* **EXERCISE BRIEF**:
Using the word "Sleeve" as the filter, copy each matching line from the records.

* **INPUT FOR THIS TASK**:
= = = = =

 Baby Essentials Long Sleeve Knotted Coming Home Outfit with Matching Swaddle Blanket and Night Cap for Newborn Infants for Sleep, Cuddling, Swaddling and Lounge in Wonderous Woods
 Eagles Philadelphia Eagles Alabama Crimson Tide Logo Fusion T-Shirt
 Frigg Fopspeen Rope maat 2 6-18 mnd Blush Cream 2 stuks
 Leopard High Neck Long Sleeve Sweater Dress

= = = = =

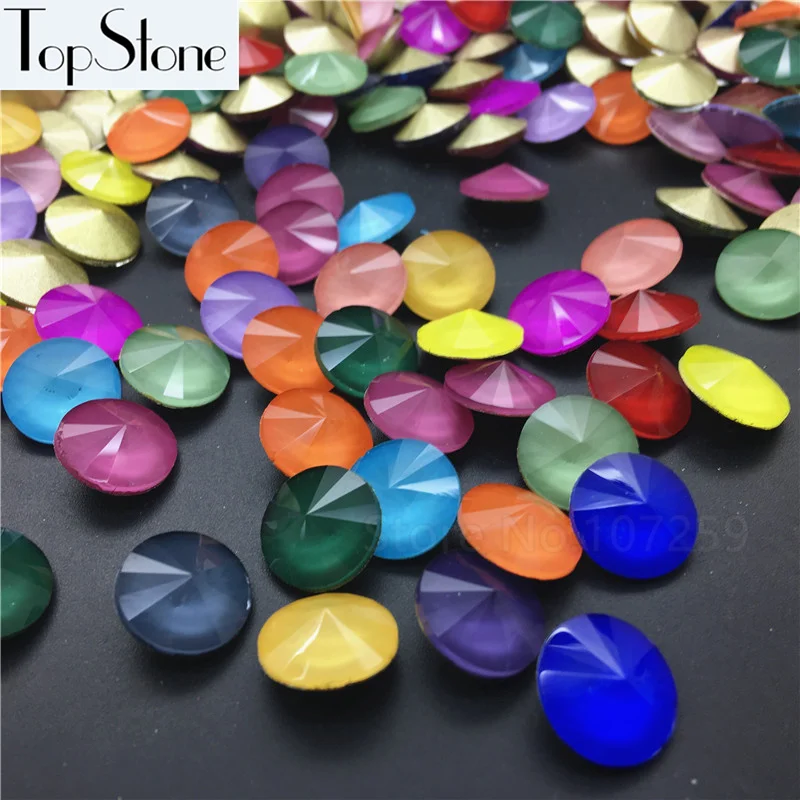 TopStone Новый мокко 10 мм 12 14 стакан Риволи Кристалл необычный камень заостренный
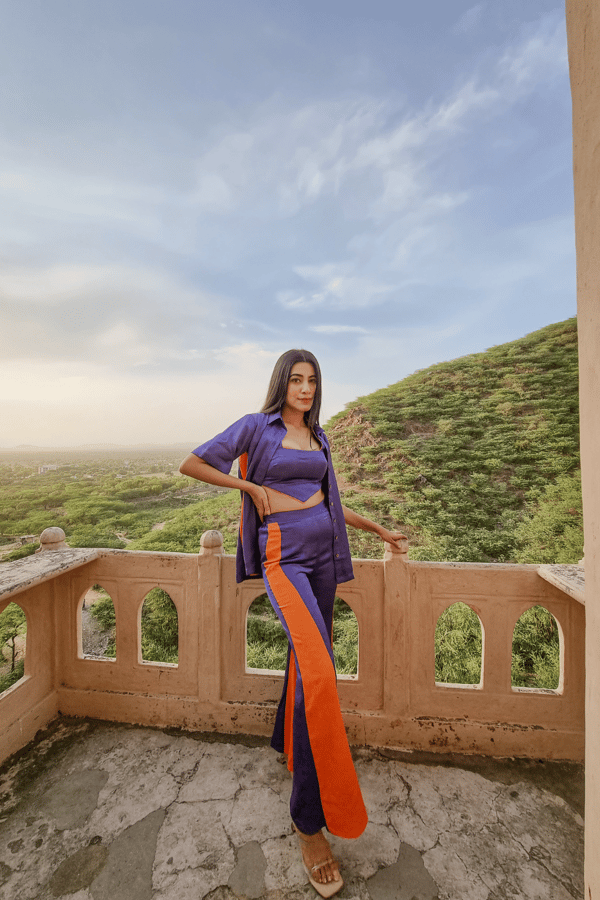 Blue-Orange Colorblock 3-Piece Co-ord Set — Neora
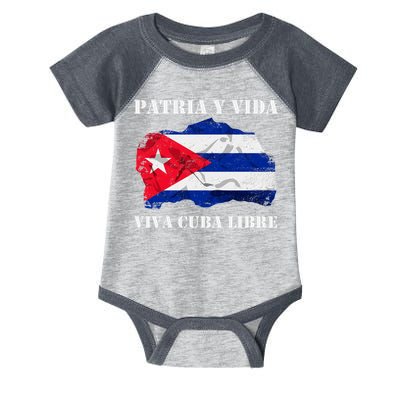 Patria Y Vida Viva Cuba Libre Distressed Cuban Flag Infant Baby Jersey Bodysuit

= = = = =

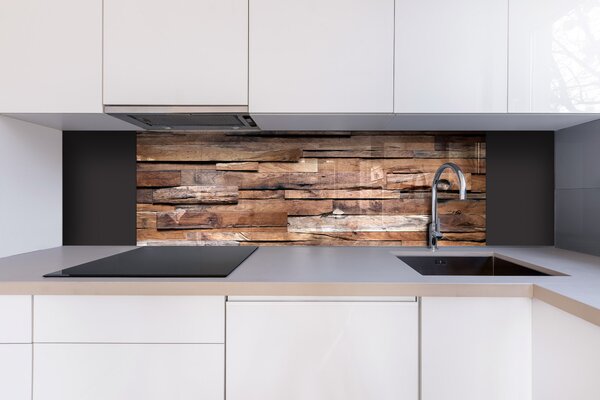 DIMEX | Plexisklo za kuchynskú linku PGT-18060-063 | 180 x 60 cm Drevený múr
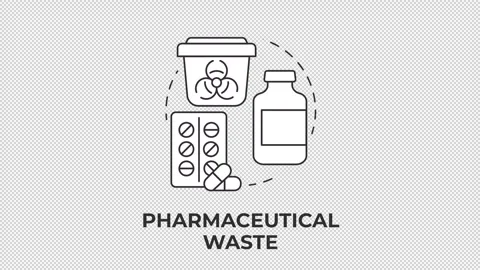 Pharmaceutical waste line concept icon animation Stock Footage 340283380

= = = = =

* **WRITTEN RESPONSE**:
 Baby Essentials Long Sleeve Knotted Coming Home Outfit with Matching Swaddle Blanket and Night Cap for Newborn Infants for Sleep, Cuddling, Swaddling and Lounge in Wonderous Woods
 Leopard High Neck Long Sleeve Sweater Dress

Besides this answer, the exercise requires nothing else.